The Canadian Light Source synchrotron in Saskatoon, Saskatchewan is one of over 40 such machines in the world capable of viewing the microstructure of materials. However, this facility differs because it is focused on life sciences and therefore has particular relevance for the nutraceutical industry.
The Canadian Light Source began operating in 2004, at a price tag of C $220mn. However, an additional C $60mn plug destined for additional beamlines could allow formulators to target how compounds react in human tissue.
The synchrotron is a tool for microscopic imaging that is housed in a building the size of a football field.
It uses an extremely bright light that is produced by using powerful magnets and radio frequency waves to accelerate electrons to nearly the speed of light. Infrared, ultraviolet and X-ray light are shone via beamlines to small laboratories where scientists select different parts of the spectrum and analyze microscopic matter at the atomic level.
Synchrotrons can be used to analyze a wide variety of compounds. However, the Canadian Light Source specializes in life sciences because it draws on researchers and scientists from the eight life sciences colleges and faculties from its home at the University of Saskatchewan.
"As far as I know, we are the only synchrotron doing life sciences in the world," Canadian Light Source industrial liaison scientist Colleen Christensen told NutraIngredients-USA.
Because they are niche research tools requiring expensive infrastructure, synchrotrons are almost entirely owned and funded by governments in developed countries.
One of the key benefits for dietary supplement formulators, said Christensen, is that a compound can be examined alone, without the use of a buffer.
For instance, the synchrotron in Saskatoon can take a mineral supplement powder and put it directly into the machine's beamline in order to see what a compound is bound to.
Christensen explained that other measures such as chromatography and mass spectrometry are problematic when using buffers, which increase the margin of error.
To date, the facility's nutraceutical clients have mainly consisted of selenium supplement companies.
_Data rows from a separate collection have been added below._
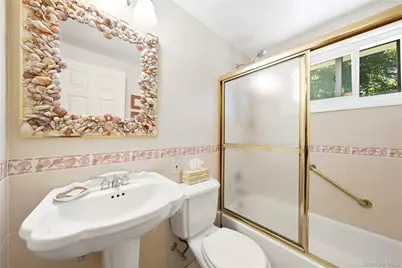 5 Roxbury Road, Port Washington, NY 11050 - Photo 15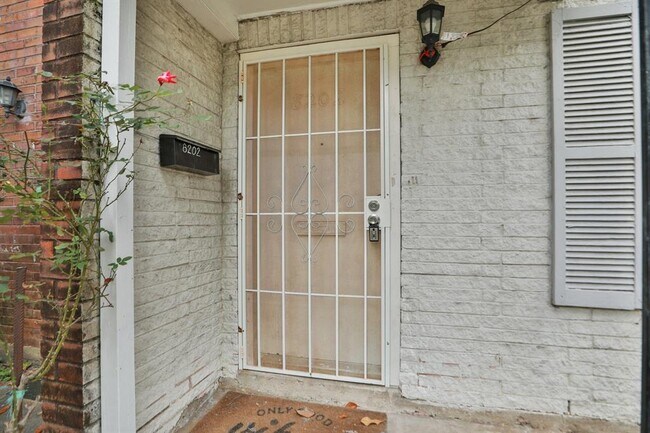 Foto del edificio - 8202 Fondren Rd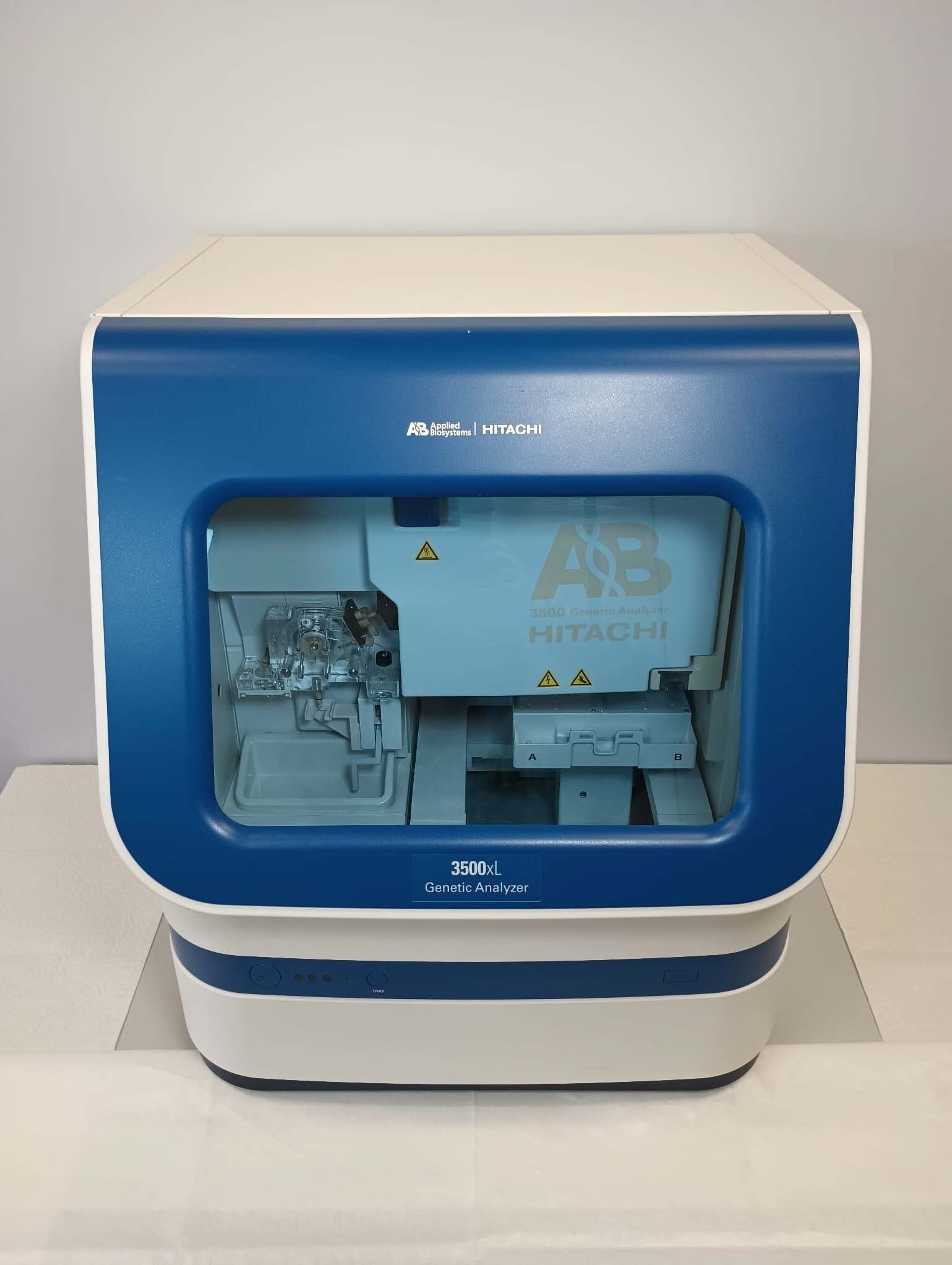 Photo Used APPLIED BIOSYSTEMS / HITACHI / ABI 3500 XL For Sale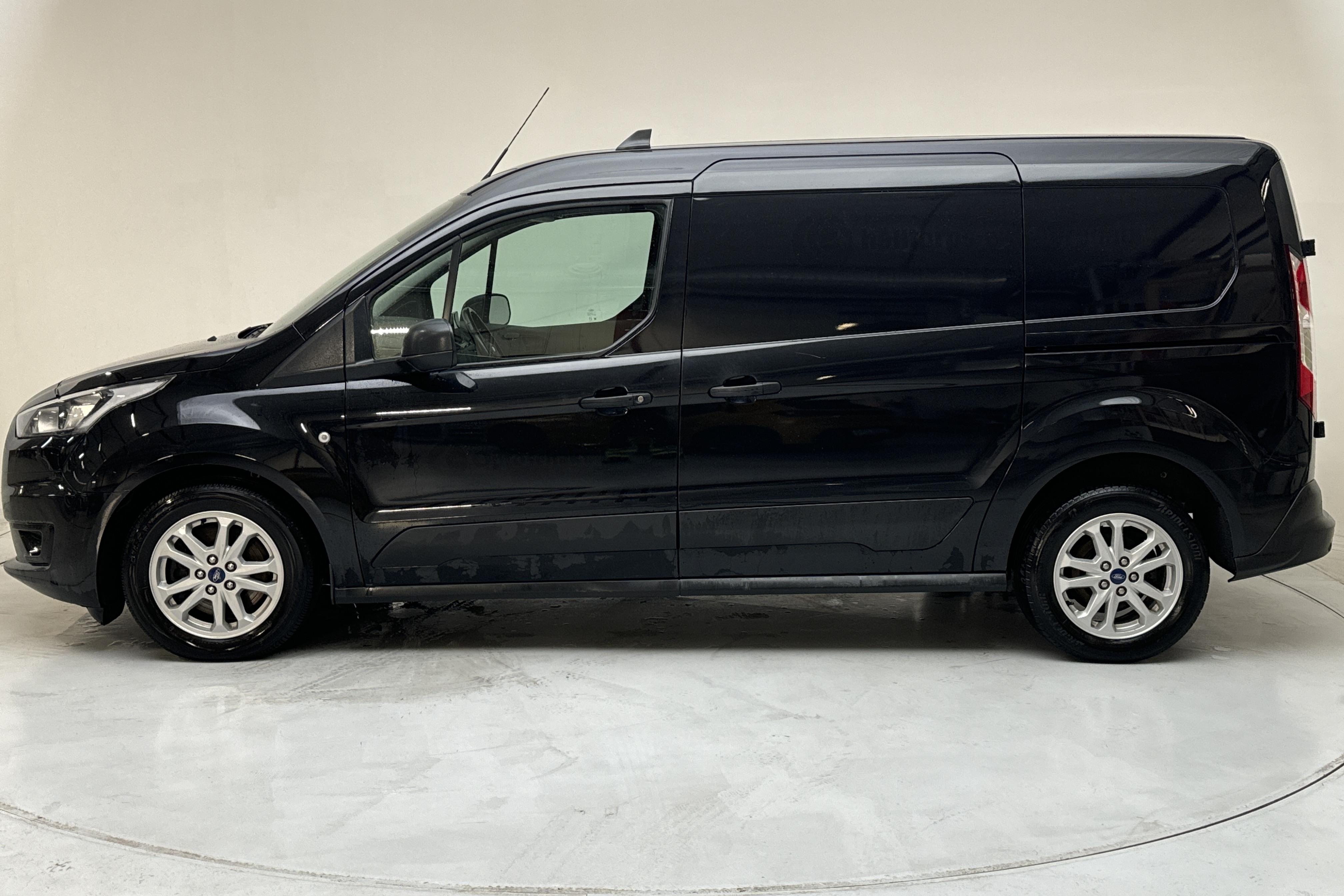 Ford Transit Connect 1.5 TDCi (120hk) - 163 770 km - Automaattinen - musta - 2021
However, this clientele could expand with increased applications of the technology.
Yesterday's funding announcement from Canadian provincial and federal governments will pay for three new beamlines for the synchrotron's spectrum. One beamline in particular will give the facility the unique ability to look at minerals in tissues.
"This will really be a bonus - to actually know how a mineral is working in tissue for bioavailability purposes," said Christensen.
According to Christensen, such a technology will allow formulators to see how a dietary supplement behaves after being ingested and where it locates in the tissue.
The Canadian Light Source also stands out from other synchrotrons because of its relatively heavy business focus. While most synchrotrons around the world use less than ten percent of operations for industrial or commercial purposes, the Canadian Light Source aims to devote 25 percent of its activities for such uses.
Christensen pointed out that the facility's staff, which numbers more than 120 employees, troubleshoots with clients and tells them whether or not such precise technology is necessary for their experiment.
The cost for using the synchrotron is C $500/hour for "beam time" and C $100/hour for labor. The synchrotron scientists tend to work with two compounds - a known and an unknown - for comparison purposes, said Christensen.
To date only a small percentage - five percent or less - of Canadian Light Source's business has involved supplement companies. The majority of its commercial operations have been for the mining and environmental materials industries.